In chapter 2, the author turns his attention to patterns of political conditions of mass societies as a result of political revolutions (or upheavals) linked to corresponding numbers. What in common have the countries that have gone through one revolution on the one side, through two on the other, through three in the third case, through four, etc.? What kind of political achievements do they have? It is obvious, that every serious revolution is supposed to have ended sooner or later, and it must be succeeded by a more or less stable state. Therefore, we can research any society from the point of view as if its revolutions were in the past (until the next one). In the interval between the revolutions, the behaviour of the society, its self-consciousness are subordinated to certain stable, self-consistent patterns and laws. Insofar as society is a mass one, the mentioned laws could not be other, but the simplest (usually, mass consciousness serves as a sample of banality). The same society, being modern by its type, is relatively educated one, so that the elementary mathematical stereotypes play one of the title-roles. The realm of the past appears as certain strikingly lit spots, a pop-knowledge about previous revolutions, and this common knowledge seems to be very powerful form-creative factor.

For example, the USA has had up to now two major revolutions: the War for Independence (at the same time the antifeudal revolution) and the Civil War (in the course of which the crucial question of political future was being decided). In Britain there has been the same number of revolutions: Great English and Glorious revolutions. Both the USA and Great Britain are traditional samples of the liberal regimes. The February revolution of 1917 in Russia (which was the second one by its number, after the revolution of 1905), by the analogy, brought about social and political liberation, but shortly afterwards the third one happened, the Great October revolution, which established the totalitarianism. "The National Revolution" of 1932-33 in Germany was also the third one by its number (after the revolutions of 1848 and November 1918). The result was, in principle, the same: the totalitarianism. On the contrary, after November 1918 (#2) in Germany the Weimar republic came to existence, with fairly liberal features. Whereas consistent patterns found in historical material of many countries have proven to be considerably distinctive, and their explanations are quite simple, it is possible to use the developed conclusions for prediction, also: what we should expect from one or another country having gone through the next revolution.
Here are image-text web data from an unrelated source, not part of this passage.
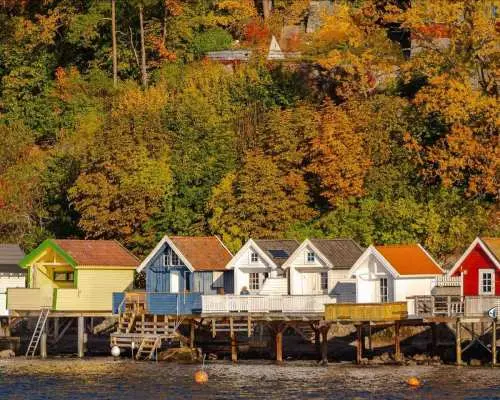 Oslo: Guided Sightseeing Fjord Cruise on Premium Silent Boat｜Norway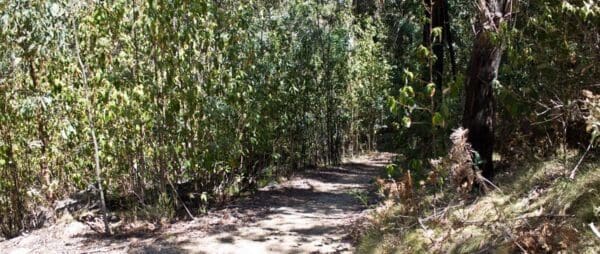 Sanctuary loop 600x254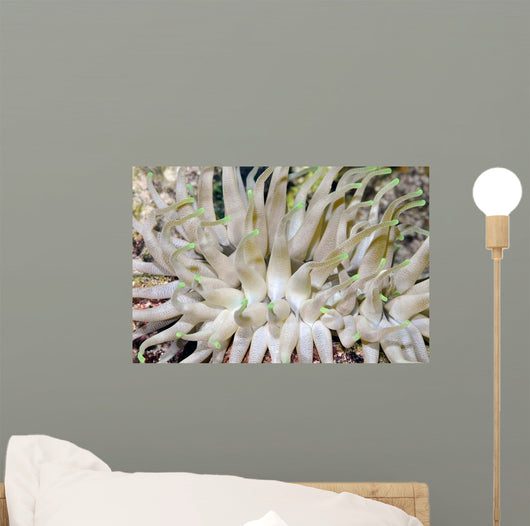Giant Sea Anemone Cozumel Wall Decal Design 1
In chapter 3 various social and political proportions and reasons of their appearance are considered. The main attention is paid to electoral processes. Why shall one particular political party (one candidate for president, governor) get such percentage of votes and the other a different one? What kind of forces are responsible for actual achievements? - On the current stage of research, the author avoid any help from previous electoral theories and suggests his own theory, which is much simpler. Calculations are produced without references to the results of public opinion polls, without figures representing social, national, religious structure of society, but based on characteristic signs of social consciousness during the election campaign. A comparison with the empirical data shows a highly satisfactory efficiency of the offered model. Besides, the model is proved to be suitable for the description of the outcome of the elections in a number of different countries, both the democratic and the post-totalitarian. A common feature of the two types of countries is that their population is educated and therefore subject to the laws of the rational unconscious.